Nesse dia, o militar teve, cerca das 12:00, um acidente de viação na Autoestrada 24, na zona de Castro Daire (Viseu), no qual sofreu ferimentos, referiu o Ministério Público (MP).
O militar deu conhecimento do acidente ao pai e ao comandante, sendo que todos “combinaram entre si alterar a escala no livro de relatório diário” do posto, para que passasse a estar escalado para o serviço de patrulha entre as 14:00 e as 18:00 e este serviço “passasse a constar como tendo sido efectuado” entre as 16:00 e as 22:00.
No julgamento, este elemento da GNR relatou ao tribunal colectivo que no dia anterior ao acidente o comandante de posto em substituição lhe perguntou se não se importava de, ao invés de fazer serviço de secretaria, que começava às 09:00 e terminava às 17:00, fazer patrulha, entre as 16:00 e as 22:00.

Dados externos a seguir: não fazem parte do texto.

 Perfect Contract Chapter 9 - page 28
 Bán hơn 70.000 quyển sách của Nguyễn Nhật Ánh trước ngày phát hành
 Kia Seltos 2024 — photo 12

O militar confirmou o acidente, do qual teve ferimentos ligeiros, tendo tido alta hospitalar por volta das 20:00 do mesmo dia.

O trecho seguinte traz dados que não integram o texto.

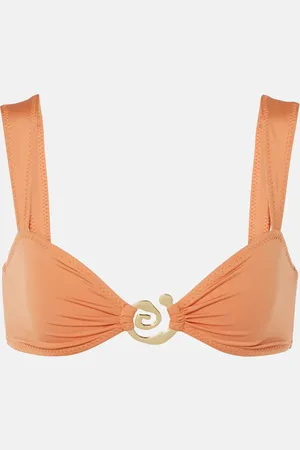 SAME Haut de bikini Spiral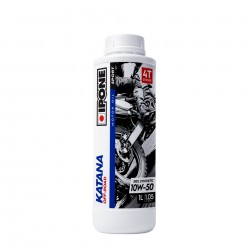 Ulei 4T Ipone 10W50 Katana Offroad 1L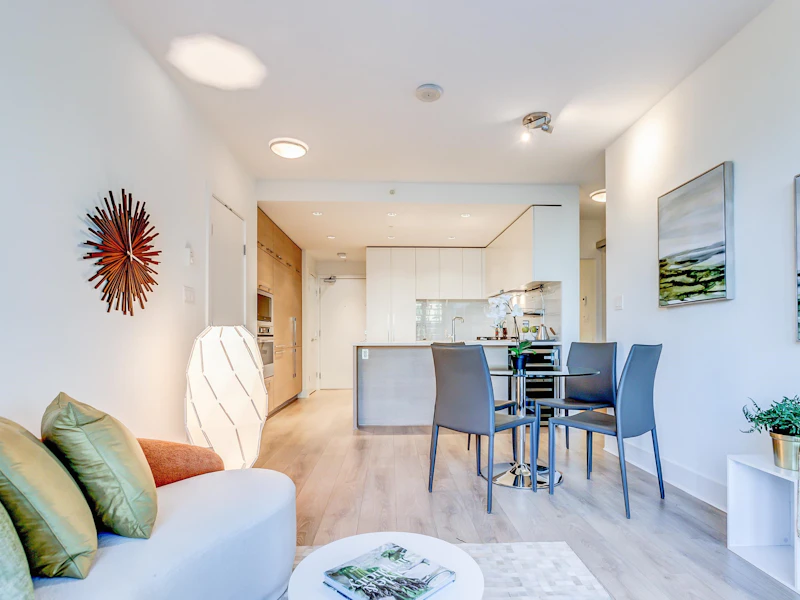2206 - 1188 Pinetree Way, Coquitlam BC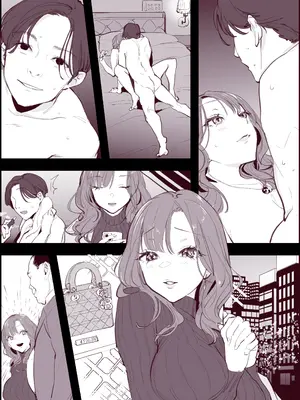 [ぽりうれたん] ぽりうれたん短編集-濡- [中国語]_177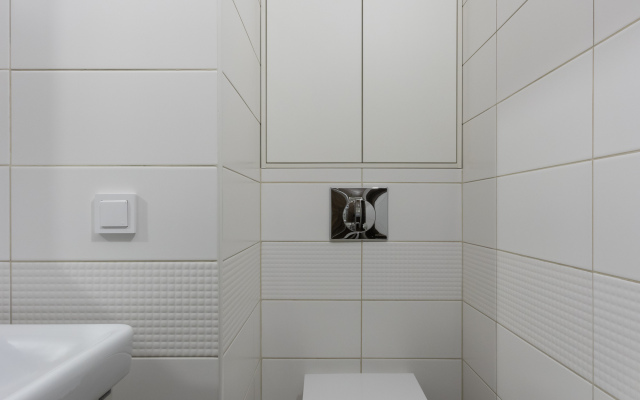 Квартира Студия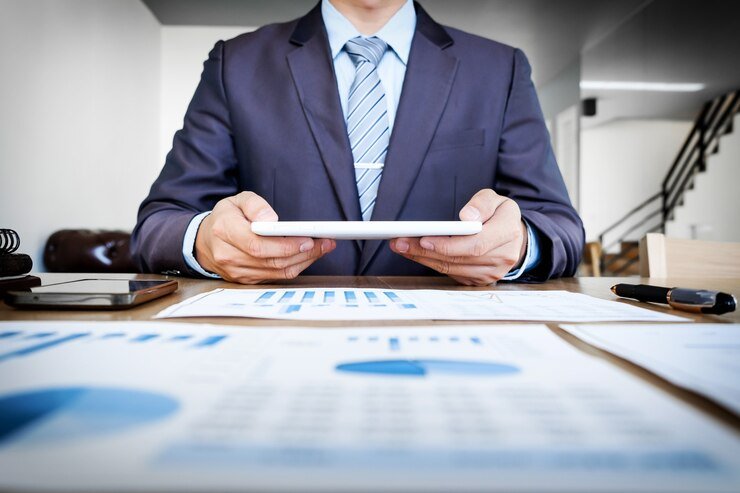 Demat Accounts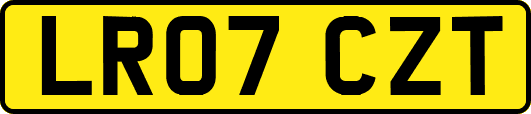 LR07CZT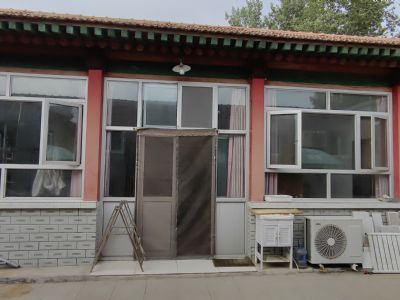 北京通州区西集马坊村农村院子出租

Já o pai deste militar declarou que o comandante do posto em substituição lhe comunicou o sinistro, cerca das 14:00, 15:00 do dia 09.
“Nunca telefonei para ninguém, tirando para o hospital e o Destacamento de Trânsito de Viseu”, declarou, negando ter ido ao posto da GNR após saber do acidente do filho.

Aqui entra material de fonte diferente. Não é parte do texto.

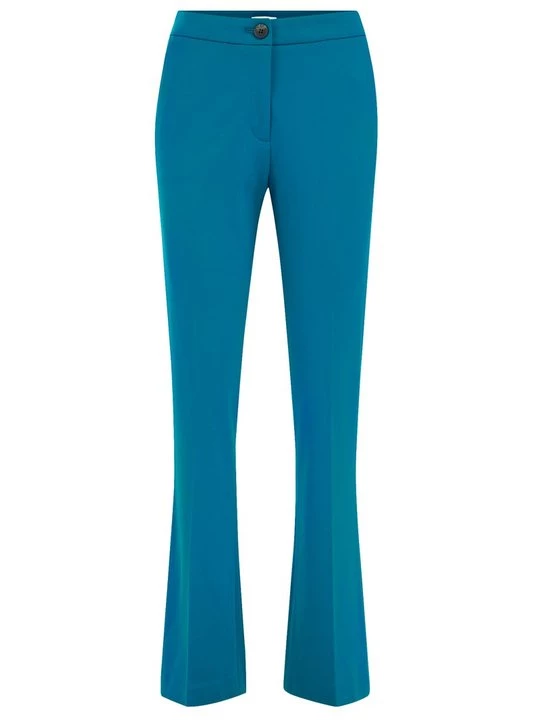 Obrázek produktu Kalhoty WE Fashion modrý denim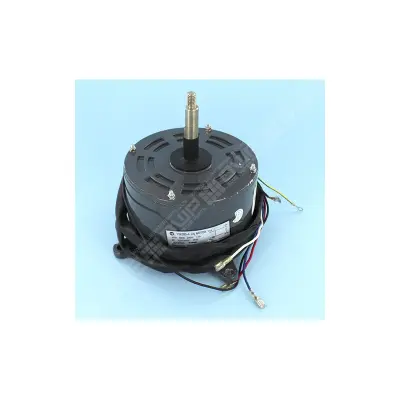 Moteur de ventilateur 200W YSK200-6 pour BM800 PAC First 21kW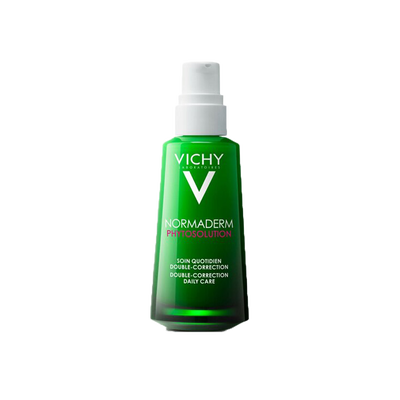 Vichy Normaderm Phytosolution Trattamento Correttivo Quotidiano 50 ml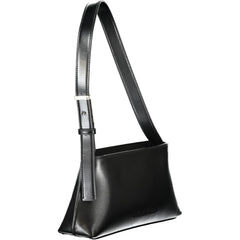 Calvin Klein Black Polyester Women Handbag -   -  Calvin Klein.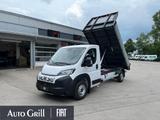 Fiat Ducato Maxi 35 L3 Heck-Kipper AHK CarPlay RüKa - Offers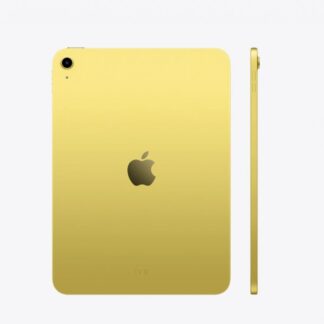 IPAD WF CL 256GB YLW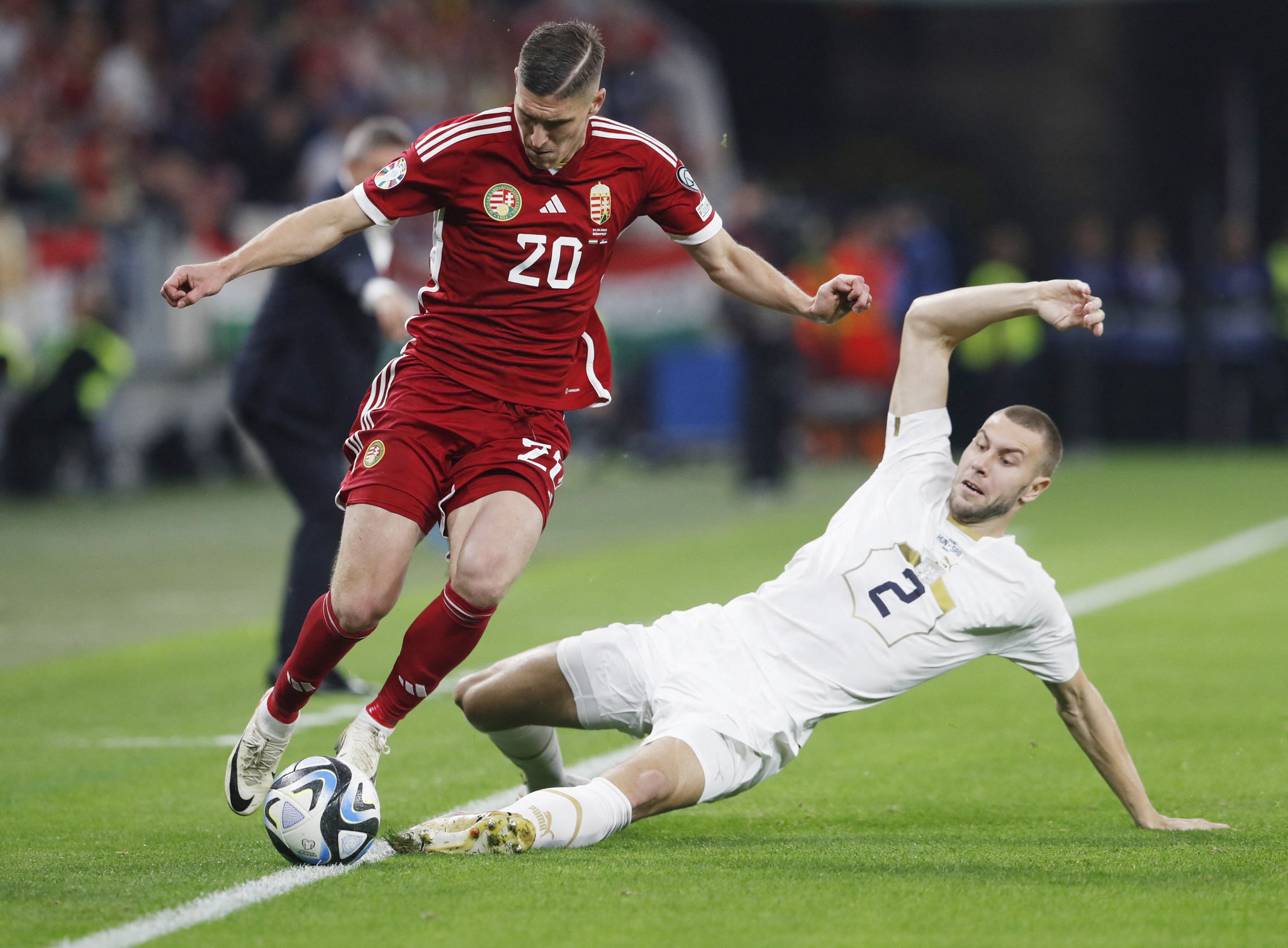 Galatasaray’da Kerem Aktürkoğlu’nun alternatifi belli oldu! İşte Okan Buruk’un yeni gözdesi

Perante a insistência da procuradora da República, o arguido reiterou que, “tirando ser para o hospital e Destacamento de Trânsito de Viseu”, não ligou para mais ninguém.
O então comandante do posto em substituição, agora em licença, explicou as circunstâncias que motivaram alterações às escalas de serviço (as mortes de um familiar directo e de um familiar indirecto de dois militares), o que originou uma sucessão de indisponibilidades, incluindo ter fixado “um militar sozinho em patrulha”.
Este arguido esclareceu que, “para não suprimir uma patrulha que estava planeada” e como ao fim-de-semana o serviço de secretaria é mais calmo, a solução que propôs foi o militar que estava escalado para a secretaria fazer patrulha.
“Houve a necessidade, para não suprimir a patrulha, colocá-lo na patrulha”, justificou.
Por quatro vezes, a perguntas da magistrada do MP, o à data comandante negou que alguém, mesmo de patente superior, lhe tinha pedido para alterar a escala para que o acidente sofrido pelo militar fosse considerado de serviço.
“Ninguém me pediu nada”, assegurou.
No despacho de acusação, o MP sustenta que, “por via da actuação levada a cabo pelos arguidos”, com idades entre os 40 e 66 anos, o acidente de viação sofrido pelo militar foi qualificado como ocorrido em serviço, tendo os tratamentos médicos, no valor de 2.299,39 euros, sido pagos pela GNR a quatro centros hospitalares e a uma clínica.
Já a CGA, na sequência das lesões sofridas pelo militar, atribuiu a este “uma incapacidade permanente parcial, com desvalorização de 10%”, após parecer de uma junta médica em Outubro de 2016.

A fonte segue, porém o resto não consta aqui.